As we saw above, it’s important to always normalize our data before training.

def normalize(X_train, X_val):
    """Normalize training and validation data using training stats."""
    for j in range(X_train.shape[1]):
        mu, sigma = X_train[:,j].mean(), X_train[:,j].std()
        X_train[:,j] = (X_train[:,j] - mu) / sigma
        X_val[:,j] = (X_val[:,j] - mu) / sigma
    return X_train, X_val

Datasets & Dataloaders#

Since pytorch’s dataset and dataloader classes only work with tensors, we’ll need to implement our own numpy versions in order to train in batches. We’ll omit this for brevity, but you can take a look at the source code at the tinytorch repo.

# Prep datasets & dataloaders
train_ds = Dataset(X_train, y_train)
val_ds = Dataset(X_val, y_val)

batch_size = 64
train_dl = DataLoader(train_ds, batch_size=batch_size, shuffle=True)
val_dl = DataLoader(val_ds, batch_size=batch_size, shuffle=False)

Training Loop#

At last we’re ready to train our logistic network.

# Number of input features
n_inp = X_train.shape[1]

# Initialise layers and criterion
criterion = BinaryCrossEntropy()
layers = [Linear(n_inp, 1), Sigmoid()]
model = Sequential(layers, criterion)

# Initialise optimizer and trainer
optimizer = SGD(model, lr=0.1)
trainer = Trainer(model, optimizer, train_dl, val_dl, metric=accuracy)
trainer.train(5)

Comparison with `sklearn`#

Let’s see how our logistic network stacks up against sklearn’s built-in logistic model.

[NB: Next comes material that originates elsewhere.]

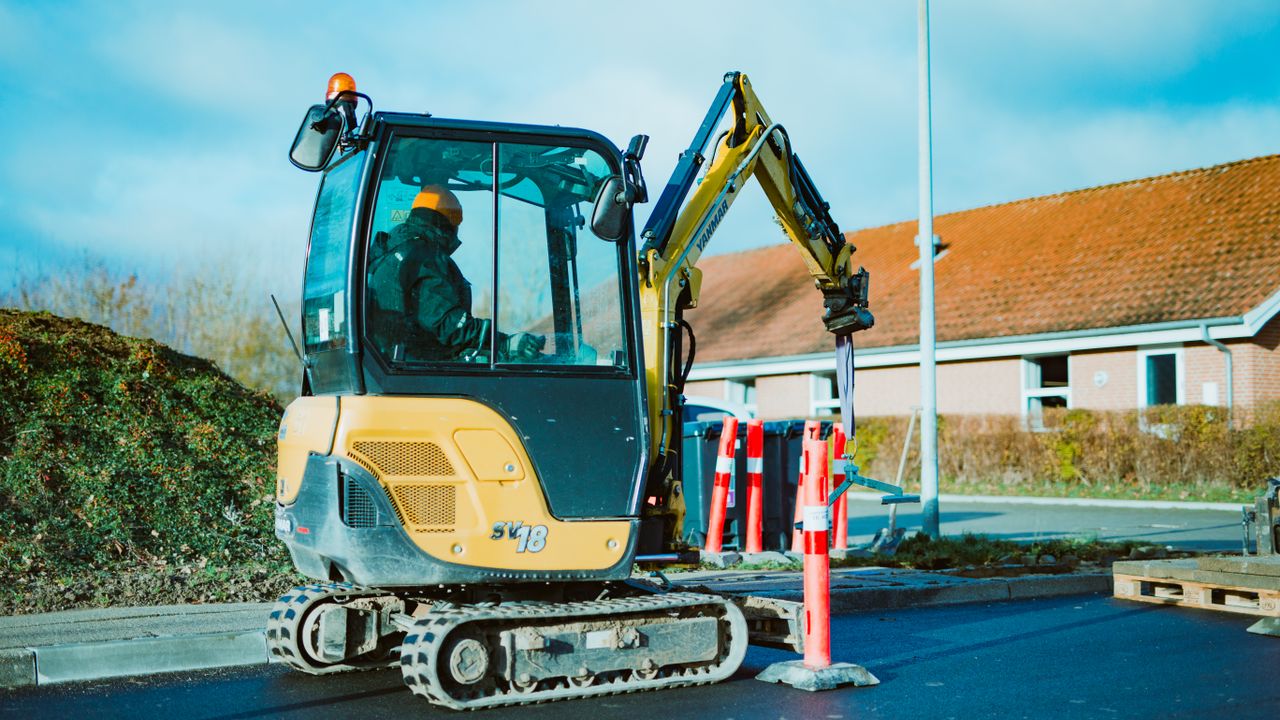 Un mini excavateur en fonctionnement sur un chantier à Odder, au Danemark. Une personne est vue en train de travailler.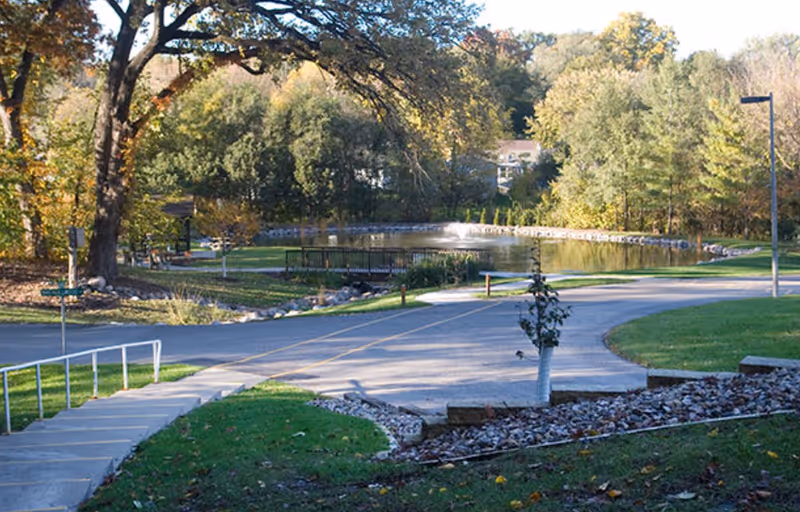 A peaceful outdoor scene at Meth-Wick Community featuring a paved road curving around a small pond with a fountain in the center. There are trees with autumn foliage surrounding the area, a small bridge over the pond, a street lamp, and a set of stairs with a handrail leading down to the road.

sklearn_model = LogisticRegression(random_state=9)
sklearn_model.fit(X_train, y_train)
sklearn_model.score(X_val, y_val)

0.98245

Going Deeper#

Now let’s see if we can’t do a bit better using a deeper network. First, we’ll need to implement $\mathrm{ReLU}$ for the activations in between our linear layers. $\mathrm{ReLU}$ acts as a gate that admits only positive inputs and maps negative inputs to zero.

$$ \mathrm{ReLU}(x) = \begin{cases} x & \mathrm{if } x > 0 \cr 0 & \mathrm{otherwise} \end{cases} $$

You might recognize its derivative as the Heaviside function, which models an electric current that’s turned on at time $t = 0$.

$$ \mathrm{ReLU}'(x) = \begin{cases} 1 & \text{if } x > 0 \cr 0 & \text{otherwise} \end{cases} $$

During the backward pass $\mathrm{ReLU}$ again acts as a gate that only admits gradients corresponding to positive inputs and sends all other gradients to zero.

class ReLU:
    """Container for the forward and backward pass of ReLU."""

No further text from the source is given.